Source data –
◆ ◆ ◆ ◆
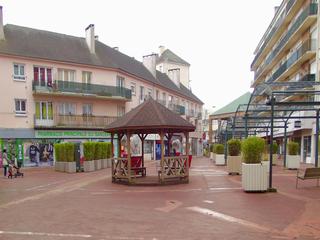 appartement 2 pièces - 50m2 à Maurepas (78310)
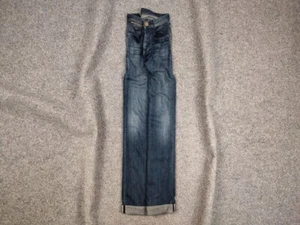 Vintage Citizens of Humanity by Jerome Selvedge Denim jeans - Picture 1 of 24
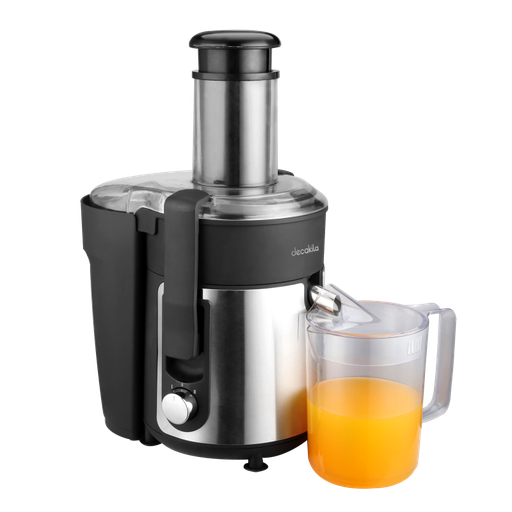 [KEJB005W] PRESSE DECAKILA 1L 800W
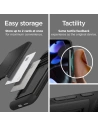 Hurtownia GSM - Etui Spigen Slim Armor CS Google Pixel 9 / 9 Pro Black - SPN3480 - {ean13} - Hurt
◆ ◆ ◆ ◆
Work order – Write out the listing again word for word, but without its pictures.

Completed task –
 appartement 2 pièces - 50m2 à Maurepas (78310)
 Vintage Citizens of Humanity by Jerome Selvedge Denim jeans - Picture 1 of 24
 [KEJB005W] PRESSE DECAKILA 1L 800W
 Hurtownia GSM - Etui Spigen Slim Armor CS Google Pixel 9 / 9 Pro Black - SPN3480 - {ean13} - Hurt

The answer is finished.